The weekend was spent at Alibag, which is a peninsula about 40 minutes by speedboat from the Gateway, next to the Taj. Bombay is busy, sweaty and crowded, yet Alibag is a haven. Luxury villas, swimming pools, and attentive waiter service. It was 40 degrees while the Shanghai Grand Prix was rainy. Splashing about in the pool, while I knew my friends were getting drenched in the Stands back in Shanghai seemed a little cruel, but that’s life, and the good life is in Bombay at the moment. It’s not for everyone, but the interaction with Indians is far greater than you’d see between expats and Chinese in Shanghai. I suspect the language difficulties in China are partially responsible, but then again so is the nature of expat life in China. You can get by as an English teacher, or even work in a bar. In Bombay, you need money, and it acts as a barrier to some of the expatriate excesses that Shanghai can fall into. That’s probably a good thing, but as many of the long term India expats complain, getting a girlfriend is not easy. In Shanghai, they’re practically rentable.

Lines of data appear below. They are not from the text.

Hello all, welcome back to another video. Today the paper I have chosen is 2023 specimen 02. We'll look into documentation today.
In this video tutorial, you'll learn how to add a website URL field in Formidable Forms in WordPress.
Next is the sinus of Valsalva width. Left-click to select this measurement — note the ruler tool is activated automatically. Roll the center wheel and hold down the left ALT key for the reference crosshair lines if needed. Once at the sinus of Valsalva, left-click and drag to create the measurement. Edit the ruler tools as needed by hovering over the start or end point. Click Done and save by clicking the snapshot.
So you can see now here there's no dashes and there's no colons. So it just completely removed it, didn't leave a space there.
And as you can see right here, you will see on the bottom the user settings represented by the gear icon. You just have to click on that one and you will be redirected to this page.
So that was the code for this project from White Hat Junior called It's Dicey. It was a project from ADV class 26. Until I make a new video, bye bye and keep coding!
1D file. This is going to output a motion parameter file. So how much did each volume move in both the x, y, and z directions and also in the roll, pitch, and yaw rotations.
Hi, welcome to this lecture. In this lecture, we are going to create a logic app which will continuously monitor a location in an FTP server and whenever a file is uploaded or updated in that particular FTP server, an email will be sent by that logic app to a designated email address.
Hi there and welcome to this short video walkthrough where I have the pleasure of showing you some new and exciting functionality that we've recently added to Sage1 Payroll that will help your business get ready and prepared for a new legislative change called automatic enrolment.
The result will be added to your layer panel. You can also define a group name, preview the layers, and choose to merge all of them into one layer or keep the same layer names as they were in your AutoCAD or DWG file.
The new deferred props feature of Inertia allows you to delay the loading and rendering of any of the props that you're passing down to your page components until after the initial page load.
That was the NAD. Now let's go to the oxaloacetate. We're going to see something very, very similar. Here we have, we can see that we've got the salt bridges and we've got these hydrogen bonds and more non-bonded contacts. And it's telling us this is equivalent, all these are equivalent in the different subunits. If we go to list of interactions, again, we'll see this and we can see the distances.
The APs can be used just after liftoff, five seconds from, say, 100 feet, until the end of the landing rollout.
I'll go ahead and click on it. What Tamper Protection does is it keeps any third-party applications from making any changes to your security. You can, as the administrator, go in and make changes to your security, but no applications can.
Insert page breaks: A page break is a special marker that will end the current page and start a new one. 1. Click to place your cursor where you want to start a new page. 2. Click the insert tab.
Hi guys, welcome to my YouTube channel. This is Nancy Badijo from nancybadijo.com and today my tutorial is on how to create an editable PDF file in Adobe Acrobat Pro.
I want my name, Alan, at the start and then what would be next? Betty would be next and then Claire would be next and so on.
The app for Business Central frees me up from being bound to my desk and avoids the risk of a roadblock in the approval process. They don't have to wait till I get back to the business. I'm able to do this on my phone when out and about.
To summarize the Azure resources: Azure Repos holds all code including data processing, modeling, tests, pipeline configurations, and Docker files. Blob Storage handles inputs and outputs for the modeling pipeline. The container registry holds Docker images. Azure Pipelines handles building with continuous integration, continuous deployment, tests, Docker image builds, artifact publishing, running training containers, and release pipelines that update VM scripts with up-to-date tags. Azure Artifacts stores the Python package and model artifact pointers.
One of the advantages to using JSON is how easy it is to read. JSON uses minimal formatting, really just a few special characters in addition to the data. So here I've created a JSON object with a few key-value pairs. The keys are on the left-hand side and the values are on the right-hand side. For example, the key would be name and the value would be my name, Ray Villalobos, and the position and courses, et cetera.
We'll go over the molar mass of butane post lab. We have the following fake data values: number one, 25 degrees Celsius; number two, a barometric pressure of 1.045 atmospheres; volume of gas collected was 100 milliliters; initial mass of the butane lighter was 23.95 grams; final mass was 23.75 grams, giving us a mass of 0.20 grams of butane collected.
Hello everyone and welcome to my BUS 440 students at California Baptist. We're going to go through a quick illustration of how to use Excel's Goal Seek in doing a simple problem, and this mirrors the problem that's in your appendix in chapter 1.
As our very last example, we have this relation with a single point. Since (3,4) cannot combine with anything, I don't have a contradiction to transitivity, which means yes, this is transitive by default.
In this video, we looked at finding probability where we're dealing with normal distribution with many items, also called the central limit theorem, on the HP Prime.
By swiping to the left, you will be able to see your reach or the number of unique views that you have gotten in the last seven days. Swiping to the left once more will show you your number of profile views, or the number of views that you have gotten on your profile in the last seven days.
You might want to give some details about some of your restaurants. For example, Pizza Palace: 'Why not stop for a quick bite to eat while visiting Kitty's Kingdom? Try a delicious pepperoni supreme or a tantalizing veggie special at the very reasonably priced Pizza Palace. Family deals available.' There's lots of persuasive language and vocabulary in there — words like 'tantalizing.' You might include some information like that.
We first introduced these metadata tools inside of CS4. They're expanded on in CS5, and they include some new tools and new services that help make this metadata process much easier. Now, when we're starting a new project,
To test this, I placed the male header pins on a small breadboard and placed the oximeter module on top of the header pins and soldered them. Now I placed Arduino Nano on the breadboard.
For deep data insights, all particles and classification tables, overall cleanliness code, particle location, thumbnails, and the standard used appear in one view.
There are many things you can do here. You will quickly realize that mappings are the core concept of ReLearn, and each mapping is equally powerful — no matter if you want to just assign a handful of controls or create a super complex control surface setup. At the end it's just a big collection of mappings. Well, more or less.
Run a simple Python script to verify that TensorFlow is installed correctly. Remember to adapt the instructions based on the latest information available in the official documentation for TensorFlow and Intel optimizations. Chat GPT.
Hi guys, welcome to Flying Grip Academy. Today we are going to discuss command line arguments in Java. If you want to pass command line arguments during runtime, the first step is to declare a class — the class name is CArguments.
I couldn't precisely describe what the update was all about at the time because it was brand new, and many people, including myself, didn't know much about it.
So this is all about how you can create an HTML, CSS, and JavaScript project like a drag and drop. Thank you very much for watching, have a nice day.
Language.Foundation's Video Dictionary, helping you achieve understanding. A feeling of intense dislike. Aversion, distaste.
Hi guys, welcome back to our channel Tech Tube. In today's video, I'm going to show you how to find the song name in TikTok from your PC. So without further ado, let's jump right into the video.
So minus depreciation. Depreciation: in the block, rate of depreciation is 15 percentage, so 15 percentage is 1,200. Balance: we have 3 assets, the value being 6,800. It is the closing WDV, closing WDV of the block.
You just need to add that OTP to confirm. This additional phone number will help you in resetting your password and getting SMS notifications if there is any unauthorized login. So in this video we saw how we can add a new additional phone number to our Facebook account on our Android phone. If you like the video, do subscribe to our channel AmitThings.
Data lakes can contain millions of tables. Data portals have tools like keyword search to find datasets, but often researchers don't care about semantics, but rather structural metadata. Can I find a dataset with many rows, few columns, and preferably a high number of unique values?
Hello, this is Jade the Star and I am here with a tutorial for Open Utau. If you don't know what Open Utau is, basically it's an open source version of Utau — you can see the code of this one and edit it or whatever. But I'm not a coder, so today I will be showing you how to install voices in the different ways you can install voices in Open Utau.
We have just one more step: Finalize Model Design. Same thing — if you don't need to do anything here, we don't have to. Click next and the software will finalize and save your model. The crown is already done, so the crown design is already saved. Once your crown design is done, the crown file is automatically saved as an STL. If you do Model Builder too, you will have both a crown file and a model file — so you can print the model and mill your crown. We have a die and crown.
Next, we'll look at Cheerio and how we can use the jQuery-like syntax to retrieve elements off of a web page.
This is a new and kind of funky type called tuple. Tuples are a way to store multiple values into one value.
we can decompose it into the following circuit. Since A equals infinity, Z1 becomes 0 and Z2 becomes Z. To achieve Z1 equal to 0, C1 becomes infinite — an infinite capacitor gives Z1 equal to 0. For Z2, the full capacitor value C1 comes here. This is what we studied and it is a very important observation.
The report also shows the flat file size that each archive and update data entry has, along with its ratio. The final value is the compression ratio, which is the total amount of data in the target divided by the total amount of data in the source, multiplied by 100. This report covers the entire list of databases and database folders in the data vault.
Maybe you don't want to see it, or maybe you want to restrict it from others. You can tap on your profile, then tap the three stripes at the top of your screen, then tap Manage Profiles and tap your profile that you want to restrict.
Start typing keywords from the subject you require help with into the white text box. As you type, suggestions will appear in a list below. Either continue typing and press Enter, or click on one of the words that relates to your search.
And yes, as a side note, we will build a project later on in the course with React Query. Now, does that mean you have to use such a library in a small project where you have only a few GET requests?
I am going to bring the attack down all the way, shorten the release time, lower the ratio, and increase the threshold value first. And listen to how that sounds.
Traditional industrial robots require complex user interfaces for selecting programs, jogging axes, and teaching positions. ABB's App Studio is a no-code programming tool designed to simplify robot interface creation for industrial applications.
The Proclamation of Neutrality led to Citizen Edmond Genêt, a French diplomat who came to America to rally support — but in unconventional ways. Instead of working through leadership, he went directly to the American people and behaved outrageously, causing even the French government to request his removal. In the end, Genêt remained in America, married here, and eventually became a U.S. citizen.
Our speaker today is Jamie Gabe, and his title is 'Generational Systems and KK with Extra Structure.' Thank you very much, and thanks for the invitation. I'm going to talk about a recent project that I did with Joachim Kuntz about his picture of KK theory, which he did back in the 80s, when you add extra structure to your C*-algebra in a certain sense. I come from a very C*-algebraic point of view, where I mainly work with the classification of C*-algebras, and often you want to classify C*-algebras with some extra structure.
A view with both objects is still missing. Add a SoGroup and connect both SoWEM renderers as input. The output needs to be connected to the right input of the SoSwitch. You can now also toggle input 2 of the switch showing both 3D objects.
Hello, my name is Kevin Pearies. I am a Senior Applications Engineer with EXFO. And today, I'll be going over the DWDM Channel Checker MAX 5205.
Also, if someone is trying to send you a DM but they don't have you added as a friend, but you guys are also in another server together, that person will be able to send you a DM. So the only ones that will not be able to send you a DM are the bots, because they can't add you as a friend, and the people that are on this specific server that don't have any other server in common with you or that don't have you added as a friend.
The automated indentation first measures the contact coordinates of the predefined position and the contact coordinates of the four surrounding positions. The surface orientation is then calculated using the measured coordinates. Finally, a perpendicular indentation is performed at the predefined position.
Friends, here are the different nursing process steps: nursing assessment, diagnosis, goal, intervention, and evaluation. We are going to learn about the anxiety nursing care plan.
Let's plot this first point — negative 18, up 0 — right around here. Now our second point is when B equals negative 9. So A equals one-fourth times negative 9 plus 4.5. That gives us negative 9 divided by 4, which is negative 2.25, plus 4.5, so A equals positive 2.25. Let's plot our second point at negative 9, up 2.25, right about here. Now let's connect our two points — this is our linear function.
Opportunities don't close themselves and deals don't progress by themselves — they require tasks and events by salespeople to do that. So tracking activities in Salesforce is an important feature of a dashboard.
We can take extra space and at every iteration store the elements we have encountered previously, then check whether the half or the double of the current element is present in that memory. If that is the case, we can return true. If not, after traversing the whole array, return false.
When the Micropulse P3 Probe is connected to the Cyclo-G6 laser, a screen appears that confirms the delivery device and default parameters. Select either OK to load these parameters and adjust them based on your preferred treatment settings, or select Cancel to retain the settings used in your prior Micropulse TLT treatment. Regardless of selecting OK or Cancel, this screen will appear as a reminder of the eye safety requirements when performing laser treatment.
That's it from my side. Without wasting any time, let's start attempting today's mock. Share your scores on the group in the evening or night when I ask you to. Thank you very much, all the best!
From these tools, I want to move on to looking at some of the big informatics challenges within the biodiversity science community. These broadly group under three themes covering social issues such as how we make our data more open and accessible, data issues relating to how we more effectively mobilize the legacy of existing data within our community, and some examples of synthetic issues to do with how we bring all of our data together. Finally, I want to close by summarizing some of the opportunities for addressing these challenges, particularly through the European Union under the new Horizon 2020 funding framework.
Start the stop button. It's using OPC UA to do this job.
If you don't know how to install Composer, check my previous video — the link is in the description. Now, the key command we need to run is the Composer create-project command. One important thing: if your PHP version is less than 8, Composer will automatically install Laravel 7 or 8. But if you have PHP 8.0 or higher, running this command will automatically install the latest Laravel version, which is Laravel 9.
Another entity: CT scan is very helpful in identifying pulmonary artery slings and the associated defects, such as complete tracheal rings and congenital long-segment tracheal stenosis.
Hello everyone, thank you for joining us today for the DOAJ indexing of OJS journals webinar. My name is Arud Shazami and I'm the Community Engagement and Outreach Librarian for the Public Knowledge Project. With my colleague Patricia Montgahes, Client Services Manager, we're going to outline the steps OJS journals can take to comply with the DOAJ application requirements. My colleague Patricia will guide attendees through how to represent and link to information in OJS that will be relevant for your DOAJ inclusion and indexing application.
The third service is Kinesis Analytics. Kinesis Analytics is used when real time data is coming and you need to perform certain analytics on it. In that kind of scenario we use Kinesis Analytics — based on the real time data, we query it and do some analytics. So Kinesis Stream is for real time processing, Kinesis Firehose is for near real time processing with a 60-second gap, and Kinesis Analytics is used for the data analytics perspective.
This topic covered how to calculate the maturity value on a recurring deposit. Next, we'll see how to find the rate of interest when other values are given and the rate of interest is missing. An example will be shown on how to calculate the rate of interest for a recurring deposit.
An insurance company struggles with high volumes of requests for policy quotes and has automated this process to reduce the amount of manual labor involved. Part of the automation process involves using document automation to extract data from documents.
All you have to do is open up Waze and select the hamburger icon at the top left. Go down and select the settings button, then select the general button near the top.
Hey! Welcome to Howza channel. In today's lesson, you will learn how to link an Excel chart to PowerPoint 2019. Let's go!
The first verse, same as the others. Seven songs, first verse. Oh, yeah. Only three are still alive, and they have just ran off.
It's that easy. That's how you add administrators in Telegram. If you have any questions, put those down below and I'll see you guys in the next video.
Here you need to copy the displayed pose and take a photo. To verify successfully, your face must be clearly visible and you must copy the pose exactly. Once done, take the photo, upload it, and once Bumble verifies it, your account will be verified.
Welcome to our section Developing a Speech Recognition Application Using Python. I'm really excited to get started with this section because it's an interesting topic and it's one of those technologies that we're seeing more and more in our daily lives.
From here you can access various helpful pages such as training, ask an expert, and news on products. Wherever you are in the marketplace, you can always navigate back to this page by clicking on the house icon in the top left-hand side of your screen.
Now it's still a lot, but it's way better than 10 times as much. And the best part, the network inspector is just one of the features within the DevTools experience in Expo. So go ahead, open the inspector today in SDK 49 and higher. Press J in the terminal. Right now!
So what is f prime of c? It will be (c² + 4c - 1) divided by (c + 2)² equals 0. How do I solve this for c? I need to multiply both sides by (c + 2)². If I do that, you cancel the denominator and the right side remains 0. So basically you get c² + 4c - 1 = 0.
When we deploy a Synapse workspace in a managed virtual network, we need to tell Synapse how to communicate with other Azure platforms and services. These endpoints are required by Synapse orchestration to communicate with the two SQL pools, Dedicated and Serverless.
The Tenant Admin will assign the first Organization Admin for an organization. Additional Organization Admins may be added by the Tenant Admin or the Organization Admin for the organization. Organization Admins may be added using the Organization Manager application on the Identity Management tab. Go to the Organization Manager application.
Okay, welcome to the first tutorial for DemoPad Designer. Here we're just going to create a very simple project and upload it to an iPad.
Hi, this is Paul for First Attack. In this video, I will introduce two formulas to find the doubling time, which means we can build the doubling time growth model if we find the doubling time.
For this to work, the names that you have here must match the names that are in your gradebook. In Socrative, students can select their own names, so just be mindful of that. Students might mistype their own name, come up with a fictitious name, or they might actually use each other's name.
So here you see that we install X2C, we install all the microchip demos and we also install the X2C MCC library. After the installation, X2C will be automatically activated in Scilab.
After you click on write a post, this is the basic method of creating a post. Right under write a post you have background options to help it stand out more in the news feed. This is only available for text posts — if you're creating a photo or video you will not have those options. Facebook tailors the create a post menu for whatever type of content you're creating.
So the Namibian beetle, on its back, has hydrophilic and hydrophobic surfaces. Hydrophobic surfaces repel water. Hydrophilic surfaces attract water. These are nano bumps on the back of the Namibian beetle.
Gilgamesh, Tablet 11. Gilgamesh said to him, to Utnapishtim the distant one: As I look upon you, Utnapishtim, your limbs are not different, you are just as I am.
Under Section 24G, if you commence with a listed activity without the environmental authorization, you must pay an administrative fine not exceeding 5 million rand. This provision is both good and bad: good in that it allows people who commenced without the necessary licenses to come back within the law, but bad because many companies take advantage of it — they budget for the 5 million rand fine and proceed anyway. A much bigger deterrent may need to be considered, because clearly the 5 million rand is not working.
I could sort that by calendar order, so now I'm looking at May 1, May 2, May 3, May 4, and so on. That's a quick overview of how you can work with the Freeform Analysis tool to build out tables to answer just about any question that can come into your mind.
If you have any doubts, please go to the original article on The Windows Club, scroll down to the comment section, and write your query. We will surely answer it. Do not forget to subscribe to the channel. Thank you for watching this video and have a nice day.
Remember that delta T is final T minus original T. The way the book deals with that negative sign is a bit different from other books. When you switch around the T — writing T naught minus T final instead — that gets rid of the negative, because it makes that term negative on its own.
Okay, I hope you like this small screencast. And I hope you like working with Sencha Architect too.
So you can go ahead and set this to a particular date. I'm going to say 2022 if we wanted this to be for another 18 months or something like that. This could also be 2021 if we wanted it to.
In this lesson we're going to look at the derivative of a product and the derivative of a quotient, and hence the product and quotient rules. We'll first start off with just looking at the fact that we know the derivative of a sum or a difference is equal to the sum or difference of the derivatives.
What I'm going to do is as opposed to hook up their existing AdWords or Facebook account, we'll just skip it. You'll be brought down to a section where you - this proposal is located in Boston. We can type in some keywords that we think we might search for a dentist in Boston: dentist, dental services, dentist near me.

It gives expatriate life in Bombay rather more permanence, to survive here long term you’d probably need to get married – and expatriate/Indian weddings do occur quite frequently, and have a well paid job. There’s no room for working in bars in a country of over a billion people, and even in China it’s not exactly legit. The Indians too, are rather more excitable. While the Chinese are not generally confrontational, Indians can be. It’s their country, and although there are hang-ups over the days of the Raj, Westerners doing menial jobs is not on the agenda here, while it’s an entry level for some into Shanghai expat life.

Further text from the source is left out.